By default, distributions are assumed to be independent. We can correlate two uncertain objects using `a.corr(b,rho)`, implemented via Gaussian copula (see notes for details). 

After applying any numerical operations to `Uncertain` objects, sampling and evaluation only occur when calling a function like `mean()`, `quantile()` or `sample()` is called.

Full documentation can be found at: https://dubious.readthedocs.io/en/latest/api/modules.html

### Installation
With python v3.9+ `pip install dubious`

### Caveats

- If several instances of the same `Uncertain` object are involved in an operation these are assumed to represent the same variable so the samples used to calculate these values for each will be identical.
- Correlation between Uncertain objects is currently implemented using Gaussian Copula. This rank based correlation and the rho value used to correlate different objects is NOT the same as the pearson coefficient.
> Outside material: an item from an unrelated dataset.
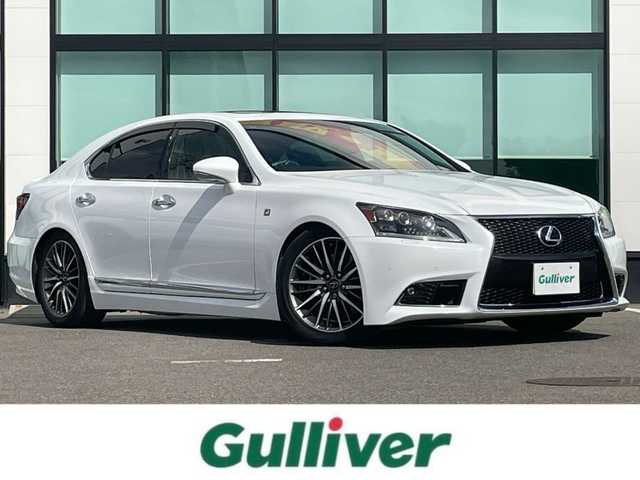 レクサス ＬＳ 460 Fスポーツ 和歌山県 2013(平25)年 6.6万km ホワイトノーヴァガラスフレーク サンルーフ/純正ナビ/バックカメラ/（BT/CD/DVD）/クルーズコントロール/クリアランスソナー/フロアマット/レザーシート/パワーシート/ポジションメモリー/シートヒーター/シートエアベンチレーション/純正アルミホイール/純正フロアマット/キセノンヘッドライト/フォグランプ/オートライト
Copula based correlation is accurate across most of the distribution, but in the 99th and 1st percentiles we underestimate by about 3%. This under-estimation continues to grow further into the tails. 
- RNG can be controlled via `Sampler()` objects, these can be constructed using either a seed, or a `substratum.Generator()` object and passed into any function that uses MC sampling methods. Alternitvely, you can call freeze on a context object to ensure the same samples are used for subsequent methods.


### Classes
`Distribution()`:
Currently supporting Normal, LogNormal, Beta and Uniform distributions. Distribution objects also support using other distribution objects for their parameters, although this may lead to unexpected behaviour in cases where parameters can become negative. These cases currently throw a warning and are clamped to 1e-06, but the onus is on the user to ensure that input distributions will provide statistically correct results.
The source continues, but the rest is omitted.